Since 1994 I have been trying to publish books. Many different books. Any book? No. A good book. A book that explains what I feel to be true in the world. A good read. A compelling story. Something that will make people laugh, think, cry, stay up really late at night eating something fattening.
When Arsenal Pulp Press, in a moment of delusional weakness, said yes to Carry Tiger to Mountain a year and a half ago, it was a dream come true. I thought, this is it! Easy street, here I come! Don’t mistake me, I didn’t think I’d actually make money. I’m not so naive as to believe that a writer of the application of ancient Taoist proverbs to modern business and activism would actually pocket much of a pay-check. But I had hoped it might be a foot in the door in the publishing industry. I do, after-all, have a dozen or more book ideas on paper and in my head.
As William Faulkner once said (we have similar troubles), he could paper his walls with rejection letters. Me too. If you could use emails to do the deed. I long ago stopped saving the PFO letters. Now I’m amassing a pretty impressive file of no-thank-you’s for Blackwater.
What is the moral of this sad tale? Keep on. Start again. Back on the horse, etc.
So today I start the next round with Blackwater. Unsuspecting literary agents, publishers, be warned.
Waiting. In late August I submitted the manuscript for Blackwater to a small, Canadian press with a mystery/crime imprint. I asked that they get back to me by the end of September one way or another. After that, I said, I would start shopping the book around to other agents and publishers.
I followed up with them yesterday, and was told that they were giving it serious consideration, and would have an answer by Friday!
I’m trying not to get too invested in the answer. If they say no, there is always another. It took me three years to find a publisher for Carry Tiger to Mountain. More than a dozen if you count back to when I first started pitching book ideas (like a major league hurler warming up, just throwing everything I could get my hands on).
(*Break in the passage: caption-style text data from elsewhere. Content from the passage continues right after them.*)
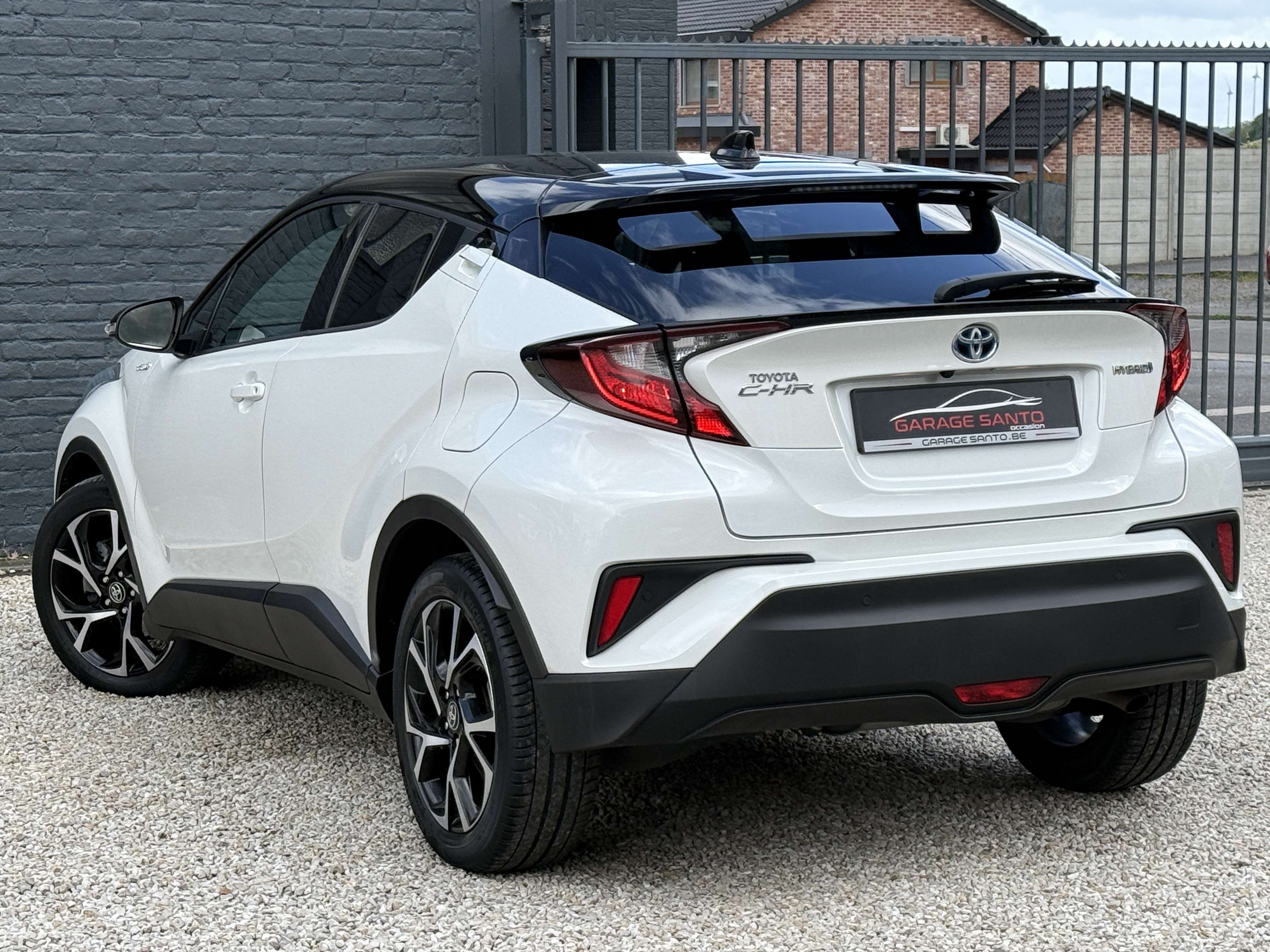 Toyota C-HR C-HR Hybrid 1.8i VVT-i Bi-Tone E-CVT /// /// ///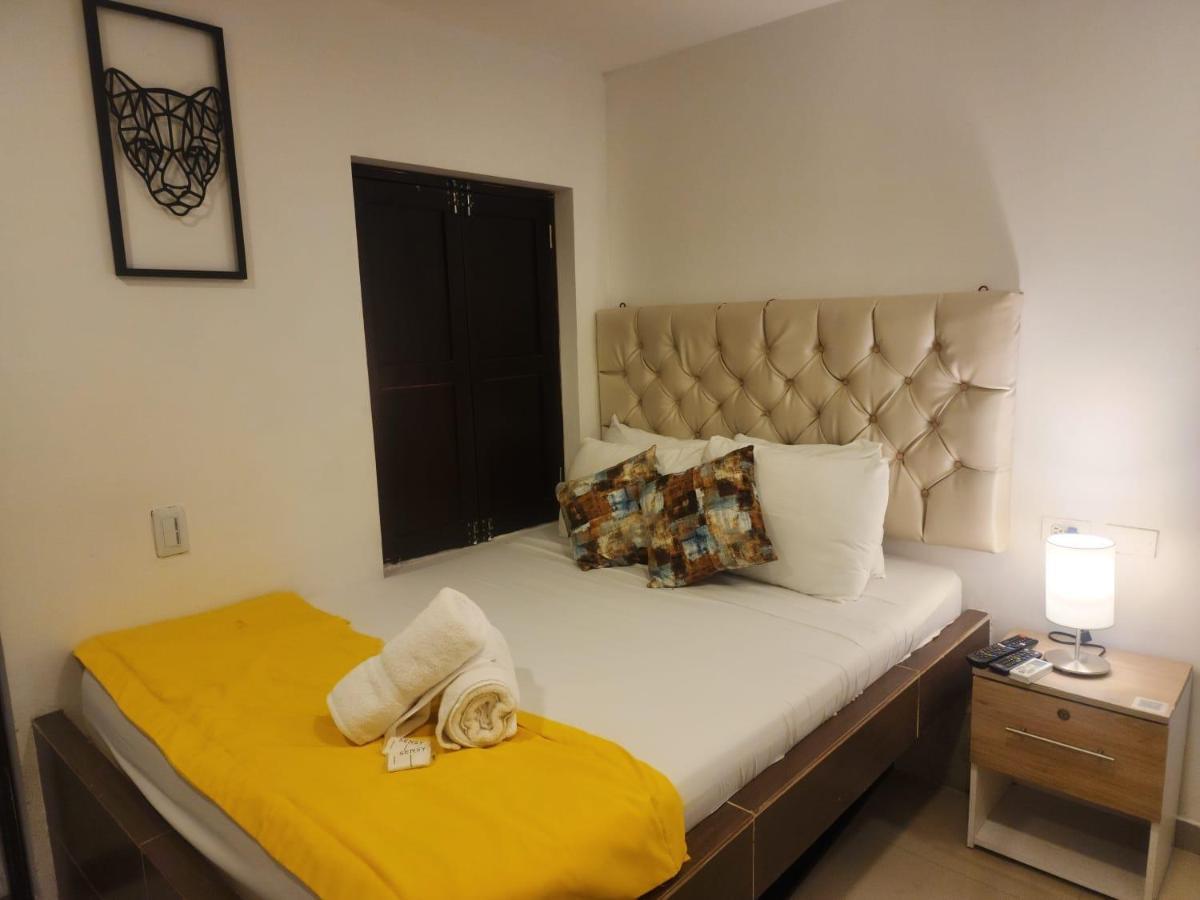 Hotel Clg *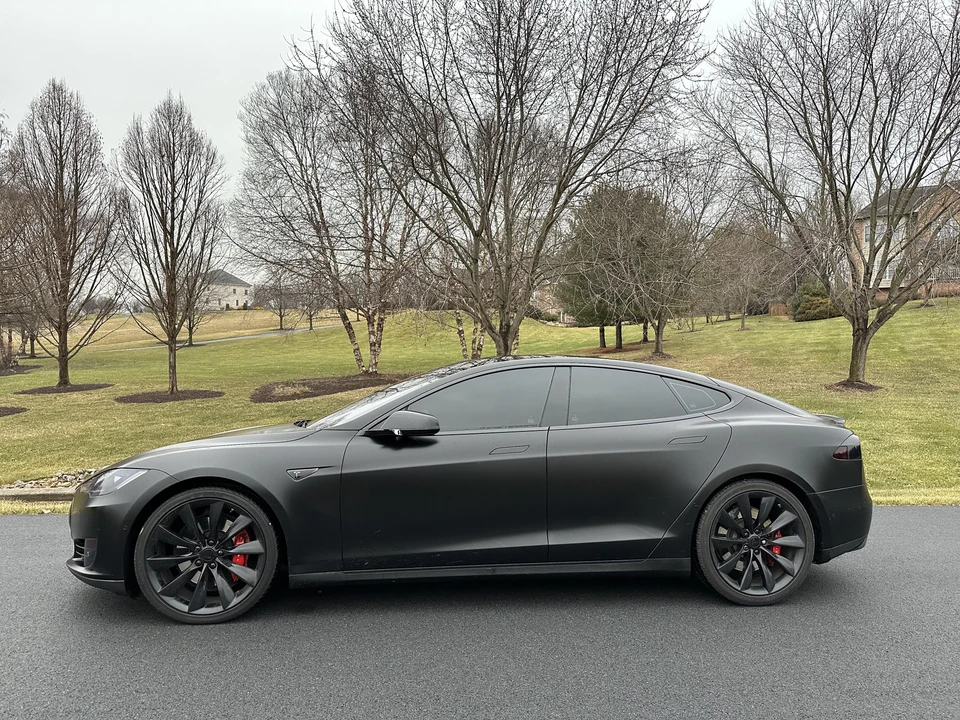 2015 Tesla Model S - Image 21 of 31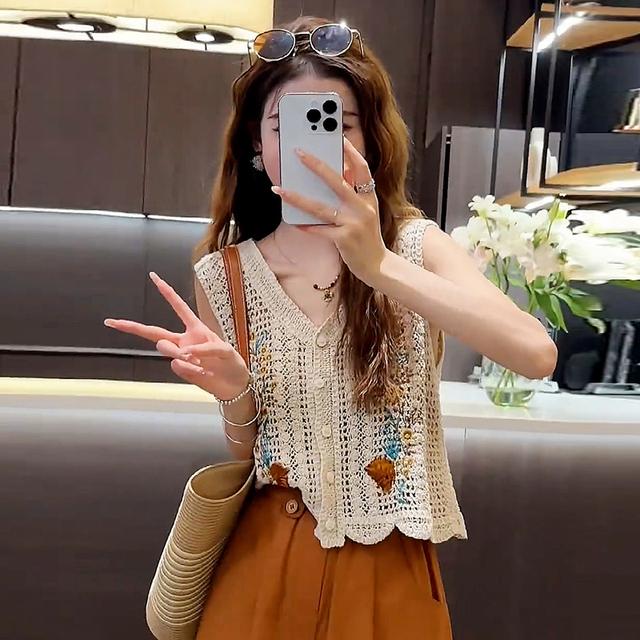 v领薄款冰丝针织马甲女春夏季2025新款爆款针织开衫镂空无袖上衣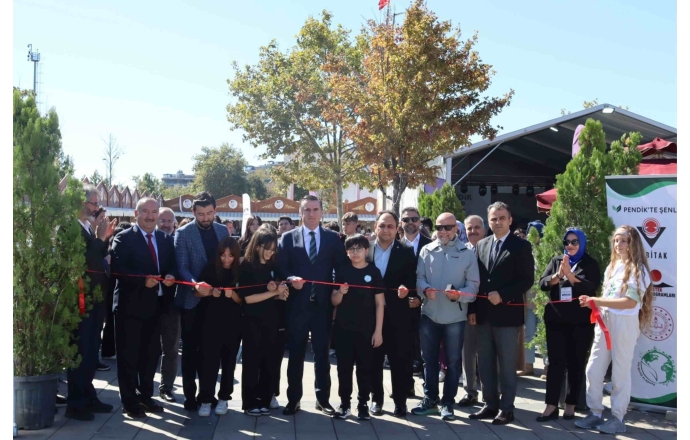 PESİAD, Pendik Belediyesi ve İstanbul Gedik Üniversitesi paydaşlığında gerçekleştirdiğimiz “Pendik’te Şenlik Var” projemizin açılışı; Pendik Sahil Etkinlik Alanı’nda yoğun katılımla gerçekleştirildi.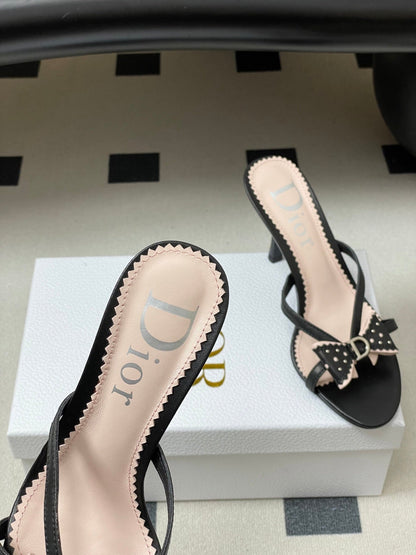 CD 26SS D'Trick Heeled Sandal 10cm Black Bow Detail Sheepskin 632581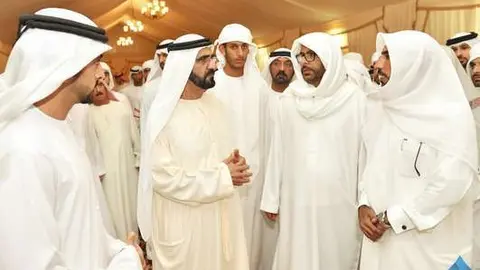 El jeque Mohammed ofrece sus condolencias a la familia del bombero Jassim Al Bloushi. (Dubai Media Office)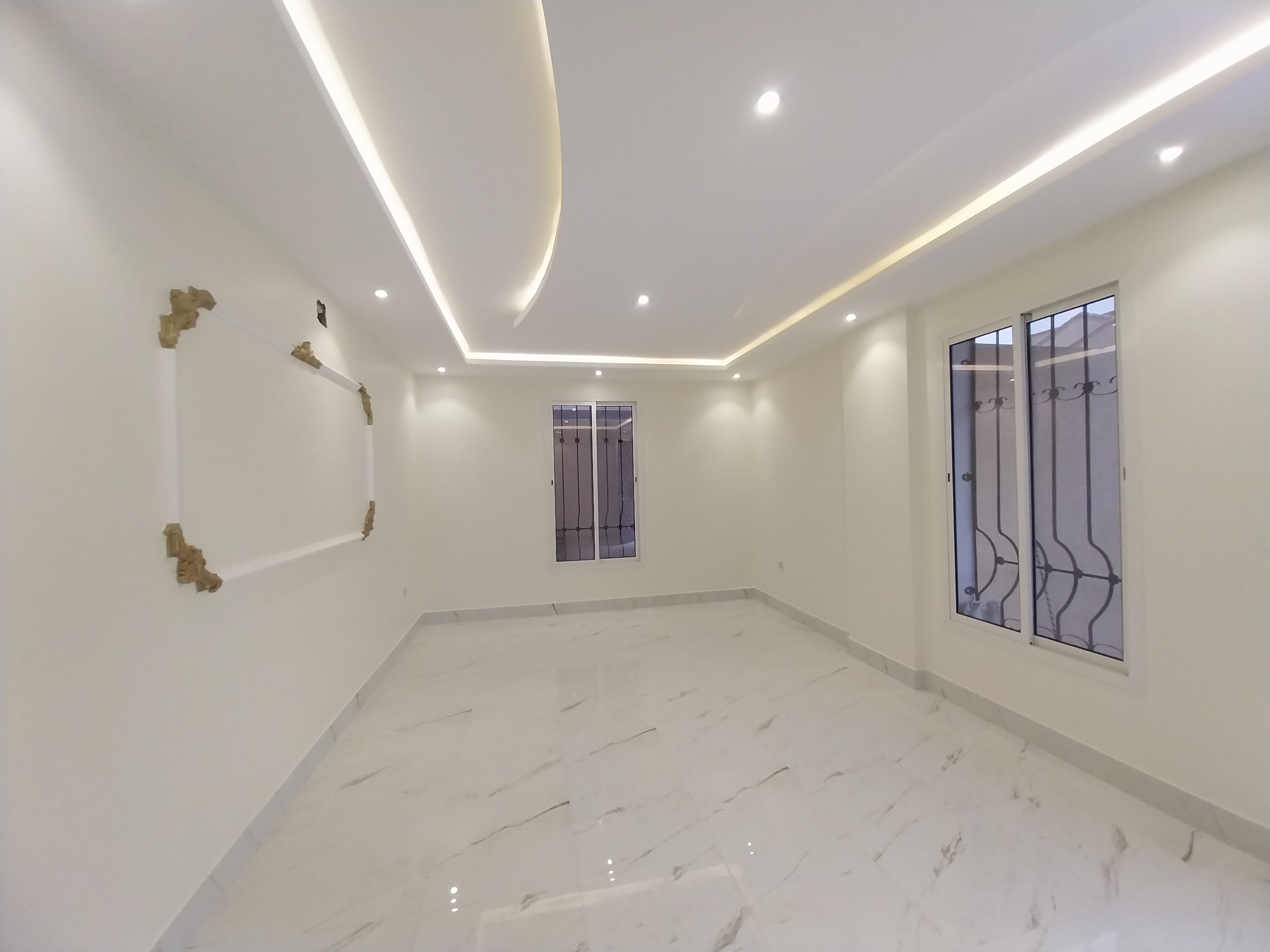 فيلا فاخره بحي العارض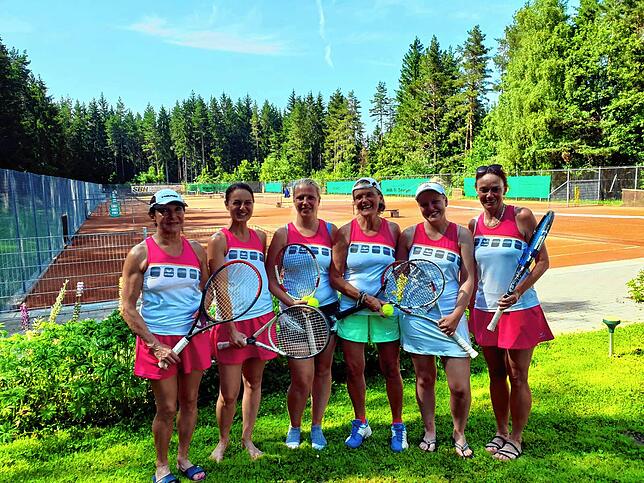 Frauen-Power: Die aktuelle Damenmannschaft des Tennis-Club Gurtweil, die vierte von links ist Gründungsmitglied und Jugendtrainerin Gaby ...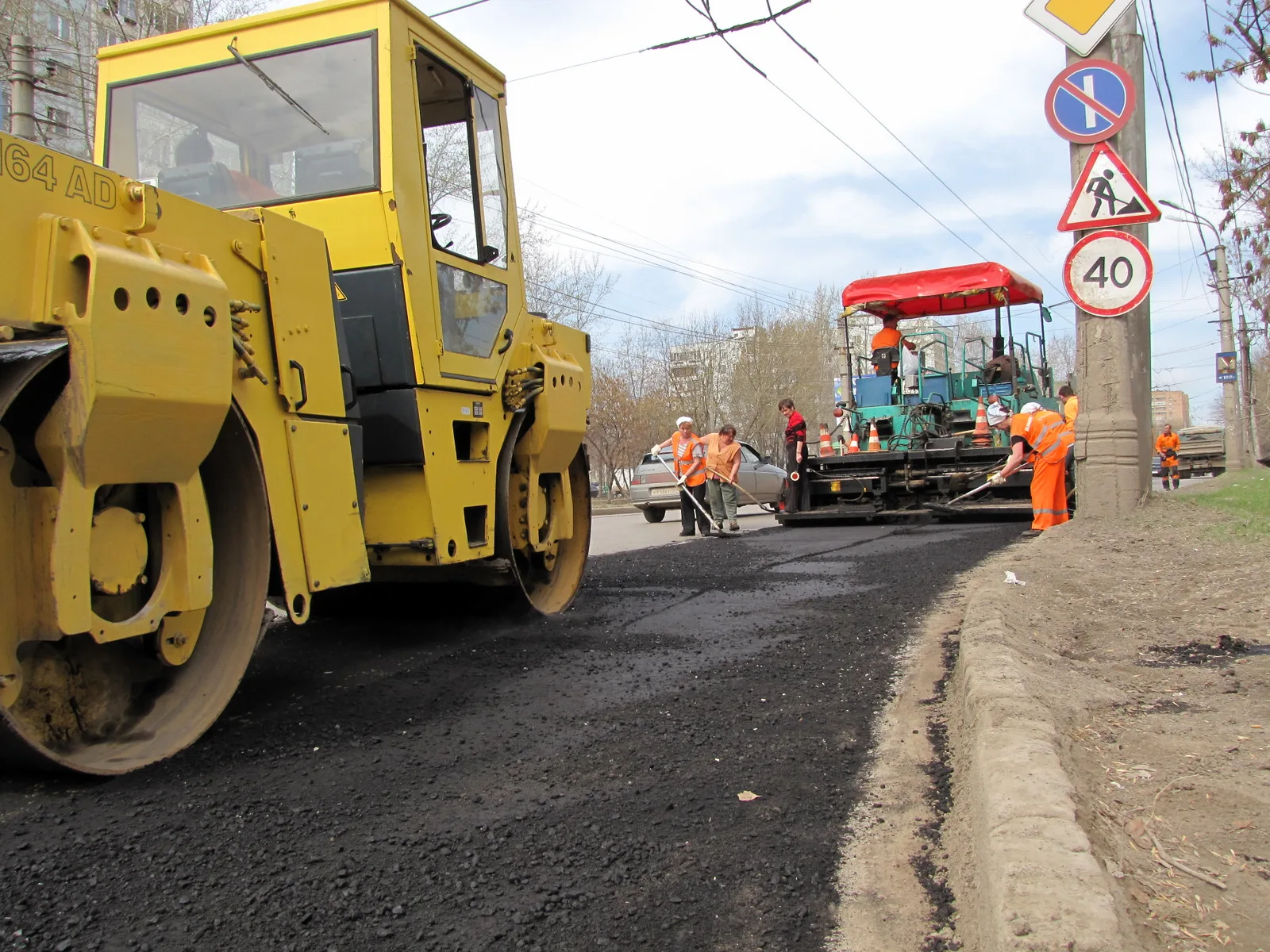 Более 11 км дорог к школам и больницам обновят в Самарской области в 2026 году Более 11 км дорог к школам и больницам обновят в Самарской области в 2026 году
(Updated October 18, 2006)
Sigh. They said no. As a small publisher, they had a two year backlog of titles. They promised to send some notes about the book, which would be nice, but I’m not holding my breath.
So back to square one. I think I’m going to focus on finding an agent now.
I suppose I thought that once I had one book under my belt, the second one would be easier, but not so. I really shouldn’t have been surprised. Publishing in Canada is a really tough business, and I’m a really unknown writer. But letting this get me down won’t get me any closer to publishing Blackwater, so I’m just going to cowboy up and get busy.